Three Cheers for the Elite
I hesitate to add to the lake of ink which continues to be spilled over the recent American election - people either gleefully spiking the football or angrily pointing fingers at the coach.
I’m not going to suggest what went wrong or what went right, but instead, I’m reacting to the catchall pejorative which was hurled both before and after the campaign, mostly at Democrats.
Elitist.
As one opinion writer wrongly framed the election, it was the elites versus the people. And yes, the elites lost.
Who are these elites anyway? And why must they be defeated?
I don’t believe the invective of ‘elitist’ is simply the wrath of those who have less towards those who have more. Not rural America versus Hollywood. I see it more as the rampant scorn towards differences in society fuelled by social media where everyone has a bullhorn and access to the rants and raves of, well, everyone else.
The quest for equal opportunity is vital to a moral society. Slavery is considered anathema. Gender equality is sought. The diversity of a society is reflected in opportunities to govern and learn. Lofty goals, for sure.
But a mis-guided egalitarianism scorns achievement leaving those who rise by virtue of their diligence and industry considered repugnant.
Sadly, we have lost the esteem for accomplishment. The respect for leadership. The upholding of standards. Anti-intellectual populism has run amok. Some ideas really ARE better than others. Some athletes are better than others. Not all opinions have equal cerebral weight. Historians have studied history. Scientists have studied science. Economists have studied the economy. Athletes have sacrificed and worked hard to hone their skills.

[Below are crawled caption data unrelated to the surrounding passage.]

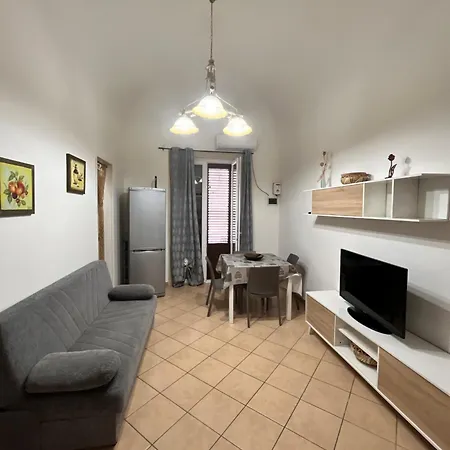 House Del Corso Calatafimi 아파트 *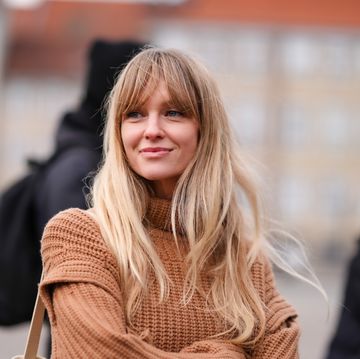 bezoeker copenhagen fashion week met blond haar en pony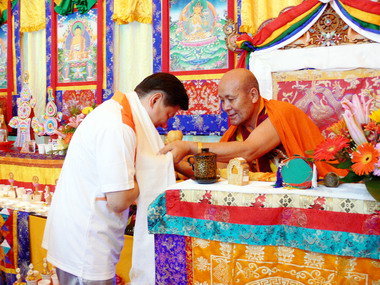 傅崐萁參加阿閦佛超渡火供長壽佛祈福法會(圖)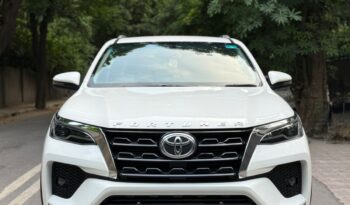TOYOTA FORTUNER 4X4 SIGMA full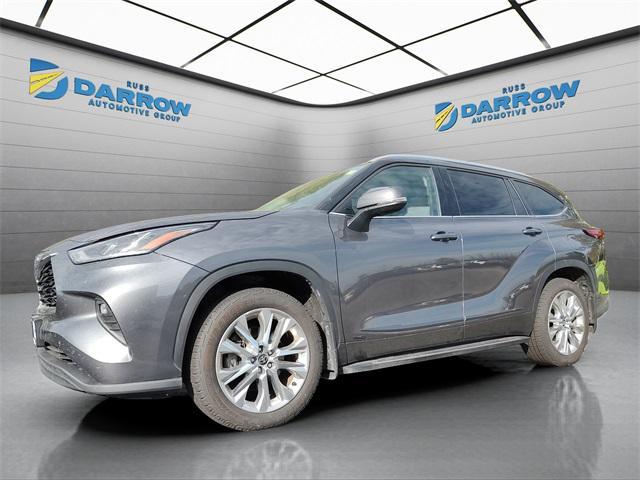 used 2023 Toyota Highlander Hybrid car, priced at $38,495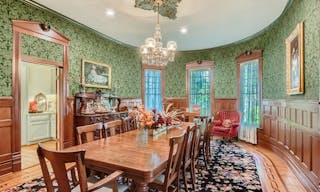 Exquisite & Unique Home: A Masterpiece you must see! - Image 6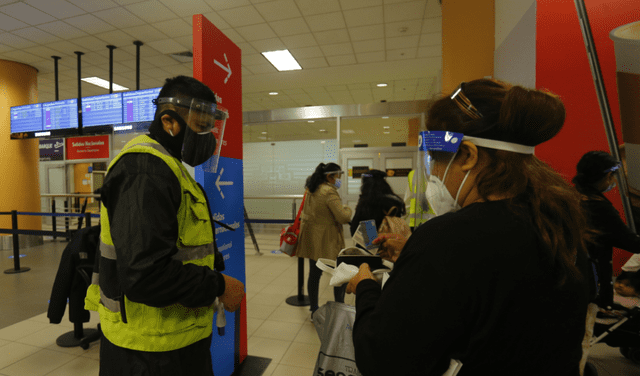 Toque de queda en Lima y Callao: ¿cómo saber si cancelaron mi vuelo en el aeropuerto Jorge Chávez? | 5 de abril | Pedro Castillo | Orden de inmovilización social obligatoria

We are all equal but some folks are more qualified to offer opinion or advice in certain fields. Some athletes excel enough to win and deserve accolades. Some have honed their vocational skills and even sharpened their reasoning based on access to new information.
For my money, the most glaring example of the anti-elitist inchoate rage was the treatment of Dr. Antony Fauci. He spent his career fighting disease, but when Covid hit, a segment of society who had been primed to distrust authority, wanted him imprisoned for mandating vaccinations. People read something from someone somewhere on the Internet and decided that their expertise on immunology trumped that of Dr. Fauci.

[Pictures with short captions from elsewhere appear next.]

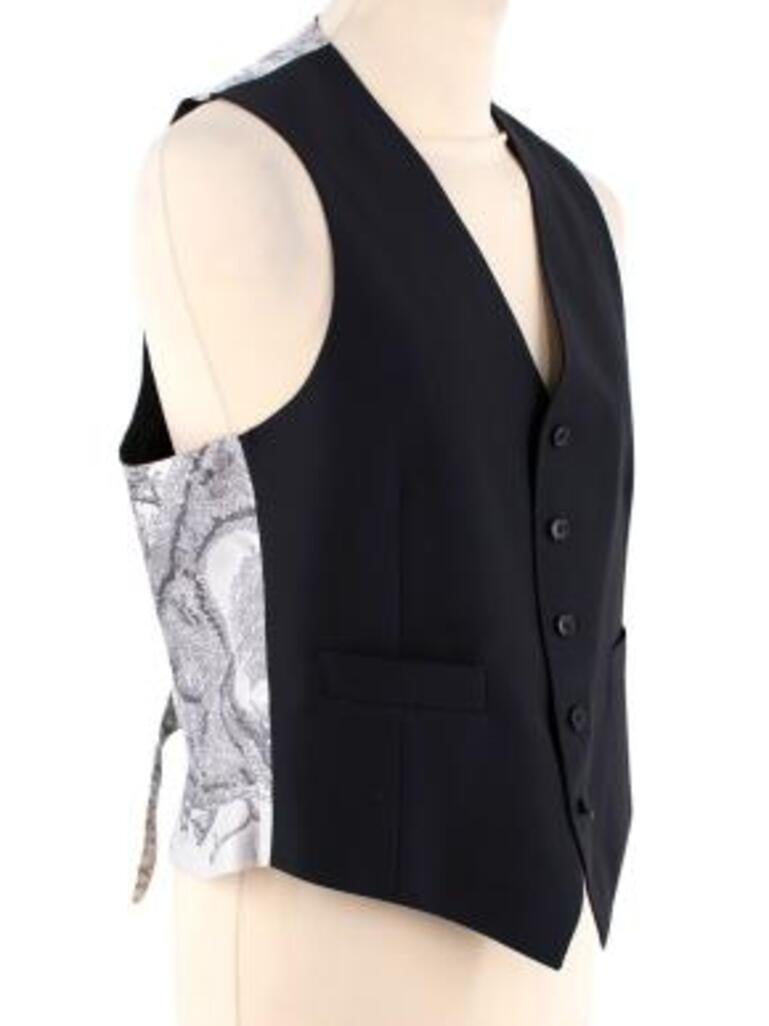 Hermes jardins des metamorphoses waistcoat
 

 - Made of lightweight wool.
 - classic fit
 - Black 5 button waistcoat.
 - White floral background with 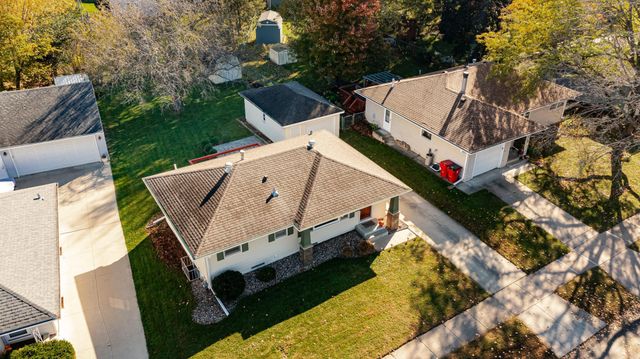 2408 16th Avenue NW, Rochester, MN 55901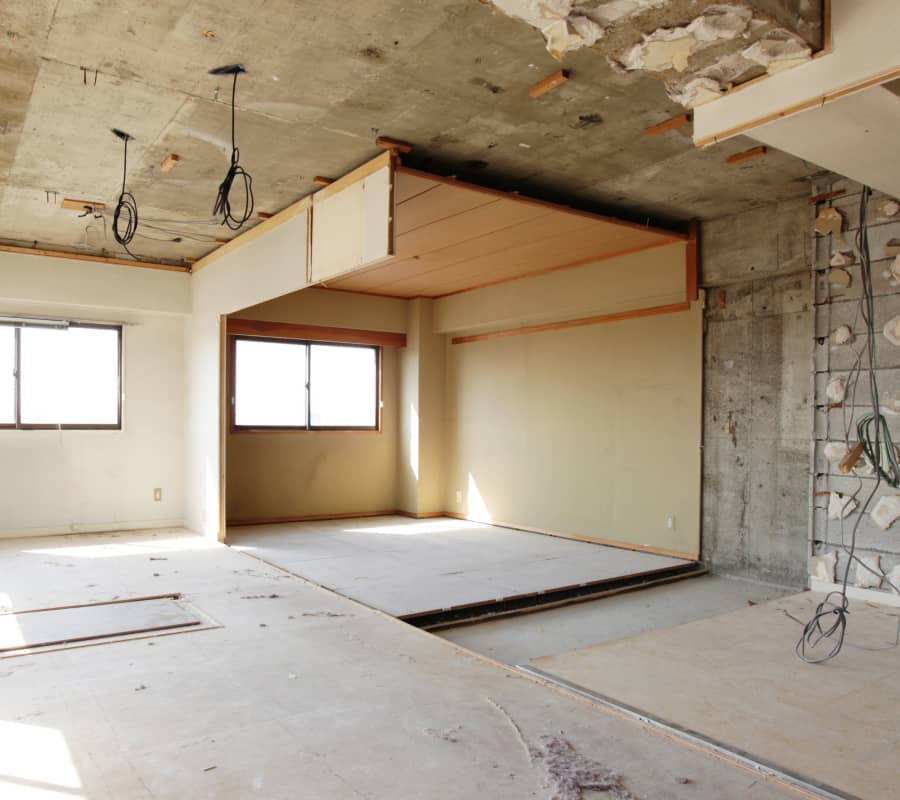 リフォーム中の室内。天井の一部が剥がされ、床も工事途中の状態。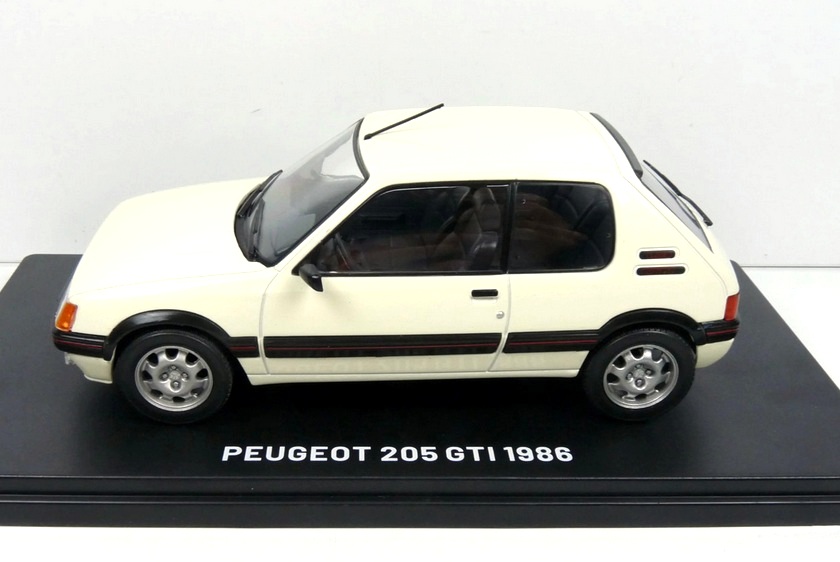 Peugeot 205 GTI 1986 white 1:24 Hachette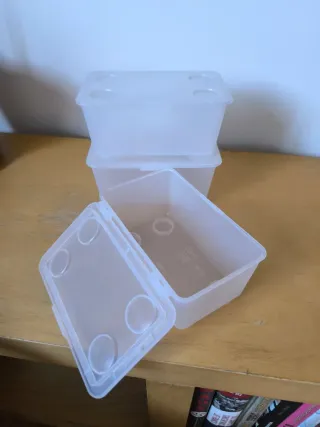 Cajas de plástico Ikea GLISS con tapa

In Barak Obama’s memoir, A Promised Land, he writes, “…if you wanted good government, then expertise mattered. You needed public institutions stocked with people whose job is was to pay attention to important stuff so the rest of us citizens didn’t have to. And it was thanks to those experts that Americans could worry less about the quality of the air we breathed or the water we drank … that we could count on over-the-counter drugs not killing us, and safer today than it had been just twenty or thirty or fifty years agol” (p. 496)

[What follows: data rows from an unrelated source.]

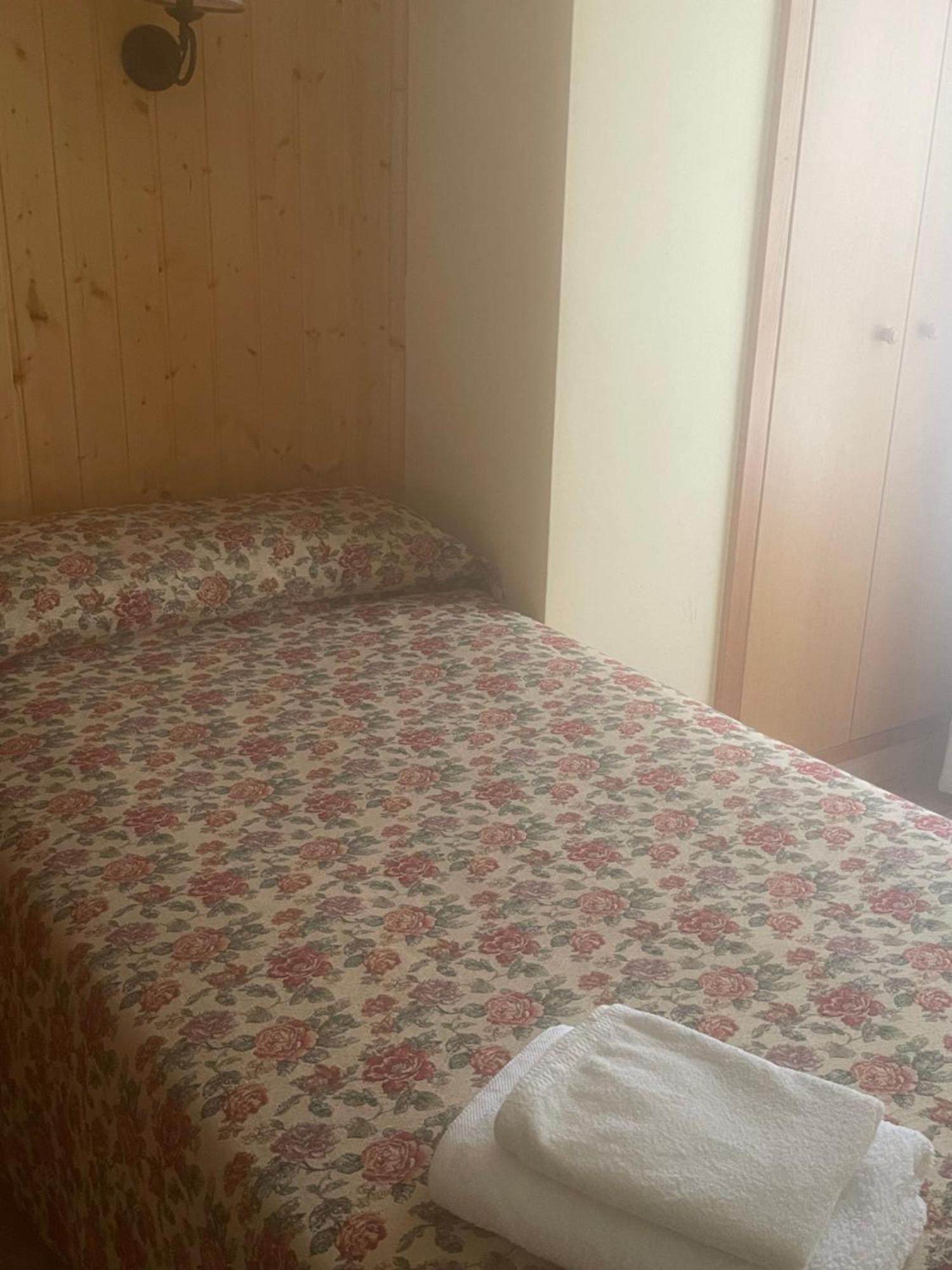 Hostel La Posa Villar del Arzobispo Zewnętrze zdjęcie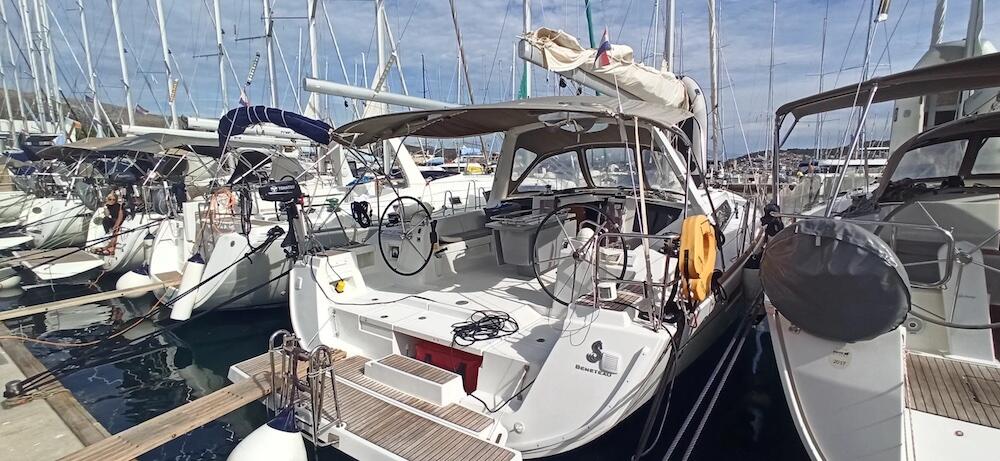Sailing yacht 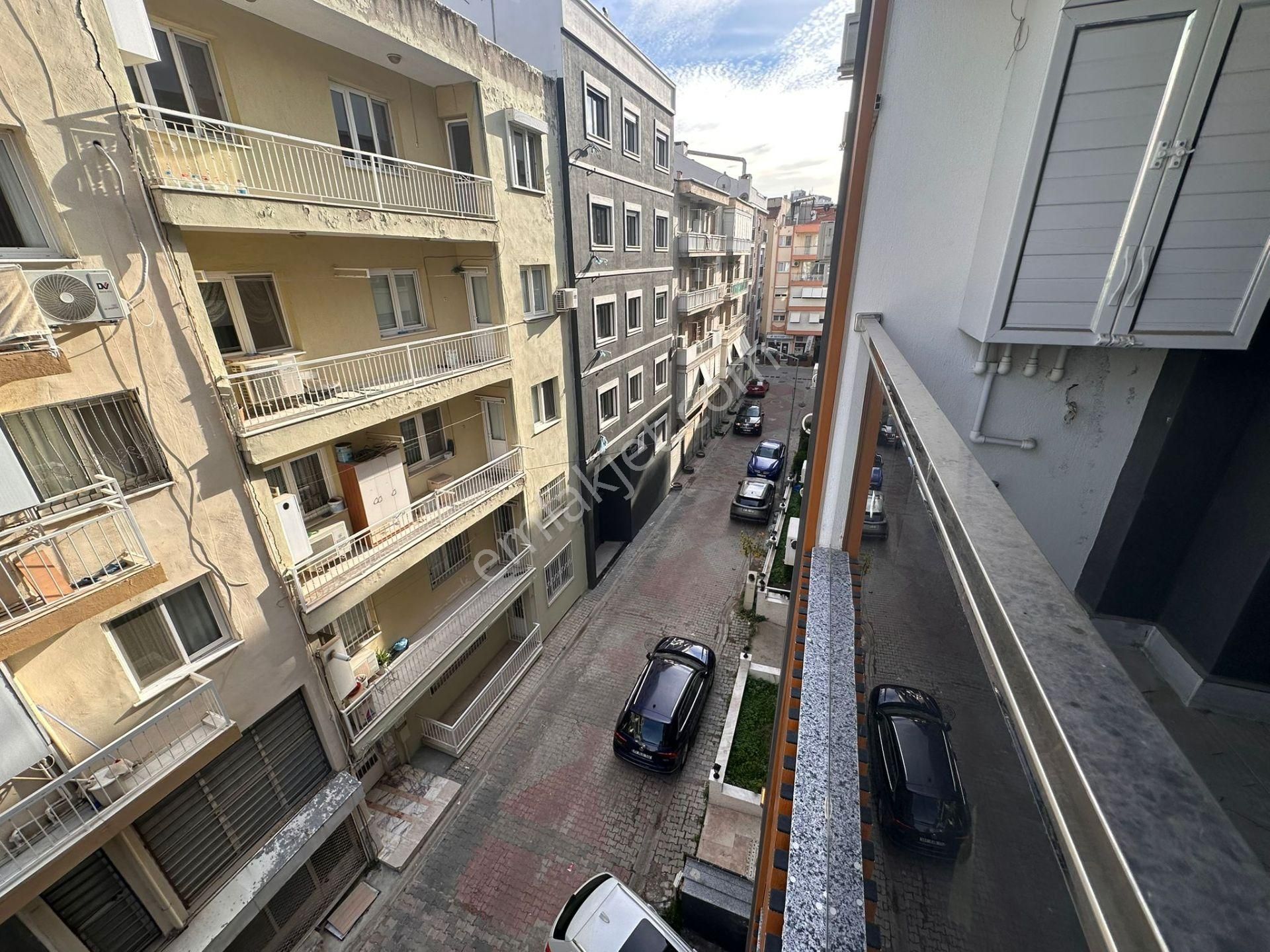 İzmir Karşıyaka'da Satılık 3+1 Geniş Daire - Görsel 26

It is a curse of our times that we debunk true heroes and celebrate ourselves instead … that self-fulfillment is more important than achievement, that everyone has to get a medal so no one feels that they lost.
But back to the recent election. Democracy depends on an informed electorate but not an electorate who vote based on their resentment and rage towards those who have achieved through rigorous education and long labour.
People have different gifts and abilities. To say that is not to diminish their humanity or give up fighting for equal opportunities But it is unwise and unfair to consider those who have achieved to be suspect, simply because they have achieved.